July 6, 2015

A lesson for Heterodoxy

Comment on merijnknibbe on ‘In Greece, NO is the answer’


There have been two essentially different, although intertwined, issues (i) economics, austerity, default, euro/drachma, etcetera, and (ii) democracy, independence, honor, and the European identity of the Greek people.

No doubt, good answers have to be found for both issues. The problem is that humans are serial thinkers, that is, they can tackle only one problem at a time. Because of this, political economics is an approach that almost guarantees that both issues are botched up.

Yanis Varoufakis's task as a Greek finance minister and economist has been to solve the economic problem. What he has achieved is something else: “Our NO is a majestic, big YES to a democratic, rational Europe!” (Yanis Varoufakis on Twitter 7 July 2015)

This is the perfect moment to recall what the economist's task is: “A scientific observer or reasoner, merely as such, is not an adviser for practice. His part is only to show that certain consequences follow from certain causes, and that to obtain certain ends, certain means are the most effectual. Whether the ends themselves are such as ought to be pursued, and if so, in what cases and to how great a length, it is no part of his business as a cultivator of science to decide, and science alone will never qualify him for the decision.” (J. S. Mill)
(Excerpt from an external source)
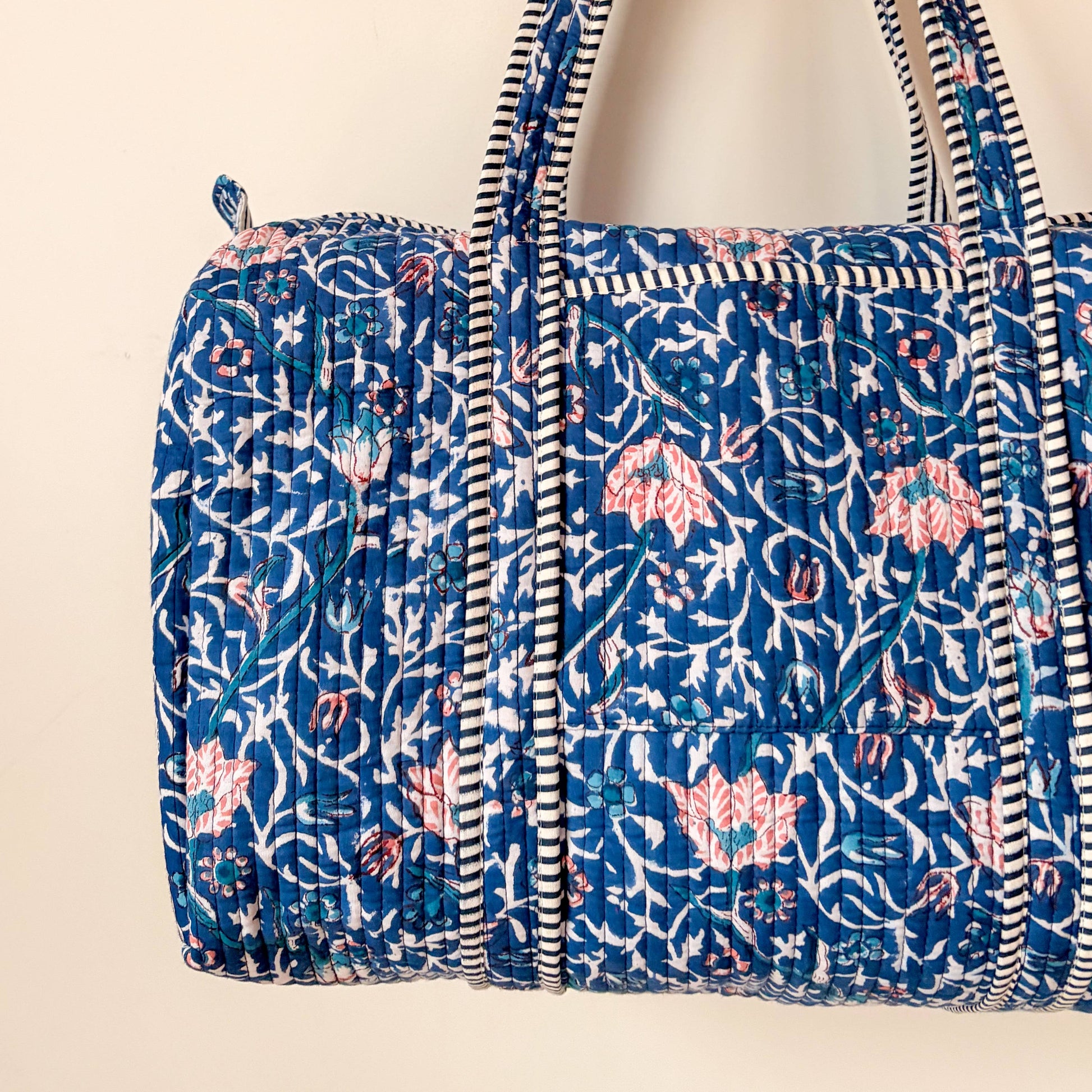 Inside view of quilted cotton weekend bag showing striped lining and pocket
Heterodoxy is at a crossroads and has to decide between becoming a political movement or a scientific endeavor with one and only one goal, that is, to replace Orthodoxy.

As Keynes put it: “If economists could manage to get themselves thought of as humble, competent people, on a level with dentists, that would be splendid!”

Seen from the perspective of science, political economics has always appeared as a rare mental disorder, that is, a constant flip-flop between two fundamentally different issues that frustrate the solution of either.

To recall, economics is a failed science.